═════ Data extracts ═════

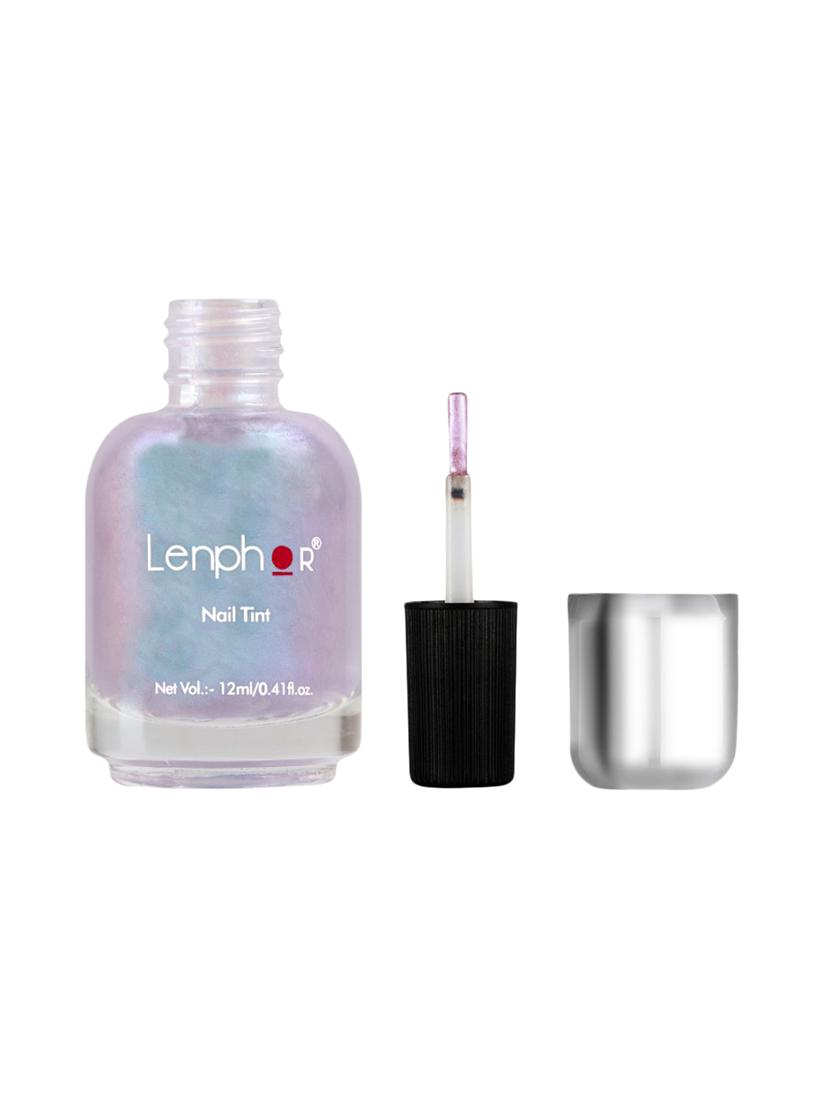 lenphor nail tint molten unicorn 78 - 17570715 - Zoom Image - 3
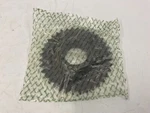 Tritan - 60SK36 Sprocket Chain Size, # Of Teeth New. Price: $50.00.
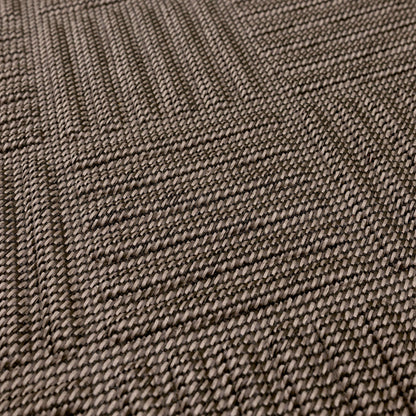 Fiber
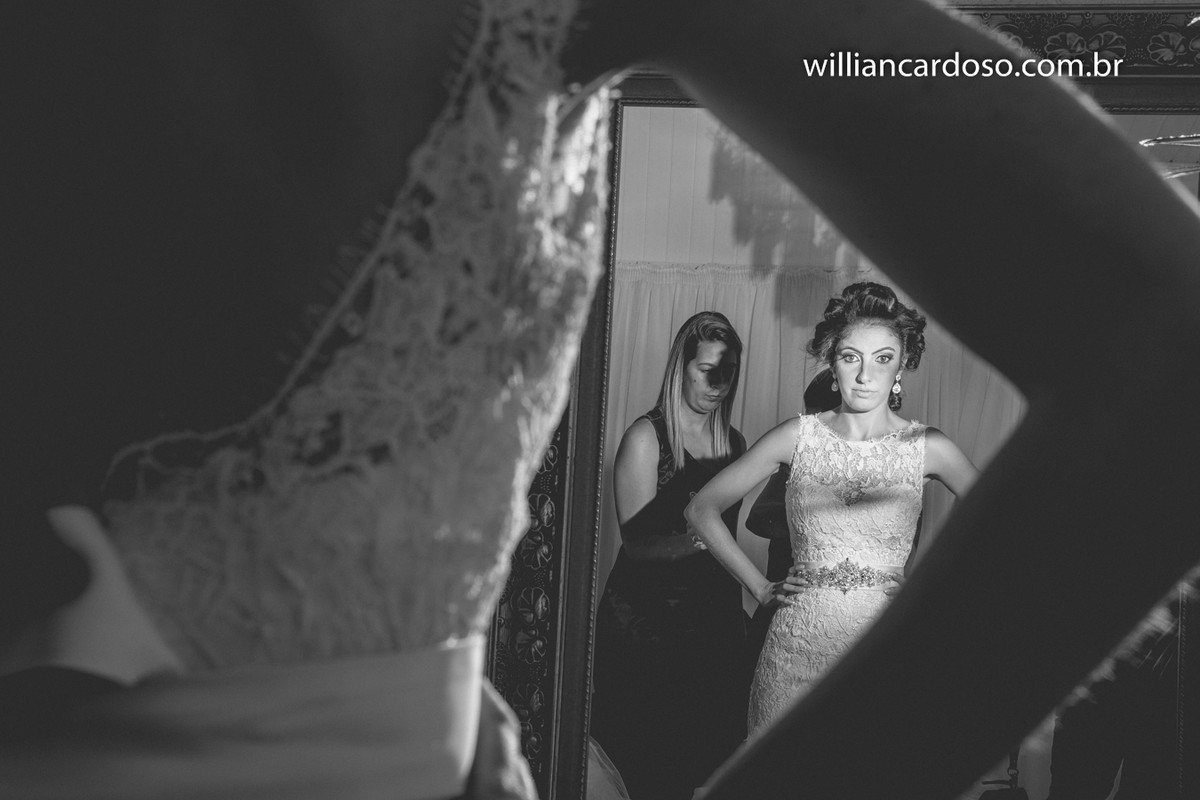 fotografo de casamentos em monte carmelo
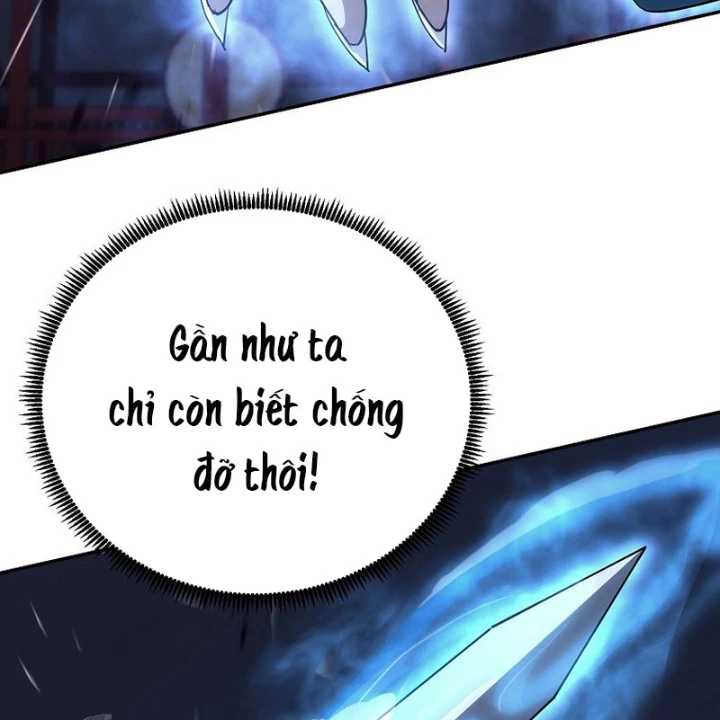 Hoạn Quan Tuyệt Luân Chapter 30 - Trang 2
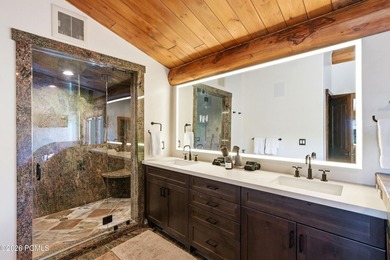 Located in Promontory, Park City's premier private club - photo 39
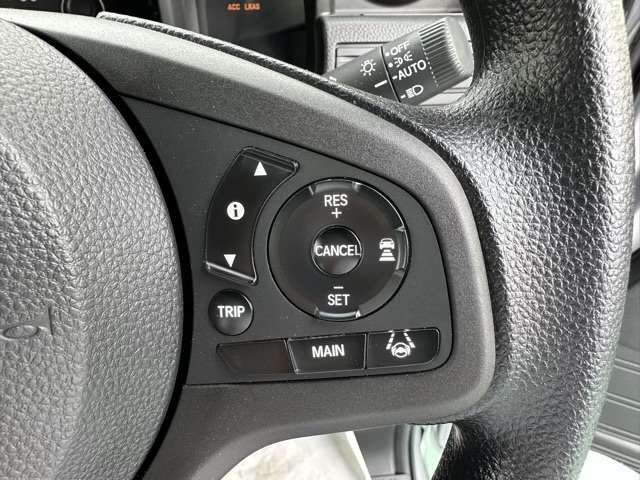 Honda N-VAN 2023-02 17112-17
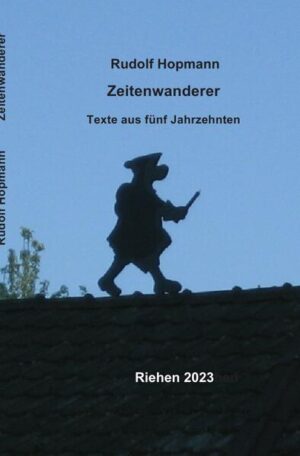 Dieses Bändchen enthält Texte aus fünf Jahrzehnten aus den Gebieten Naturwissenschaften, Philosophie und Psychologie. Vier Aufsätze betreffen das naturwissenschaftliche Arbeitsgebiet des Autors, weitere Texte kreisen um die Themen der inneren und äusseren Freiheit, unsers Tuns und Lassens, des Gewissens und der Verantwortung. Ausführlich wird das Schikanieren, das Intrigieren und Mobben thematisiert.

═════

Required action>
Nothing in the records should be changed in the copy, but the pictures must be left out.

Output for this exercise>
 lenphor nail tint molten unicorn 78 - 17570715 - Zoom Image - 3
 Tritan - 60SK36 Sprocket Chain Size, # Of Teeth New. Price: $50.00.
 Fiber
 fotografo de casamentos em monte carmelo
 Hoạn Quan Tuyệt Luân Chapter 30 - Trang 2
 Located in Promontory, Park City's premier private club - photo 39
 Honda N-VAN 2023-02 17112-17
 Dieses Bändchen enthält Texte aus fünf Jahrzehnten aus den Gebieten Naturwissenschaften, Philosophie und Psychologie. Vier Aufsätze betreffen das naturwissenschaftliche Arbeitsgebiet des Autors, weitere Texte kreisen um die Themen der inneren und äusseren Freiheit, unsers Tuns und Lassens, des Gewissens und der Verantwortung. Ausführlich wird das Schikanieren, das Intrigieren und Mobben thematisiert.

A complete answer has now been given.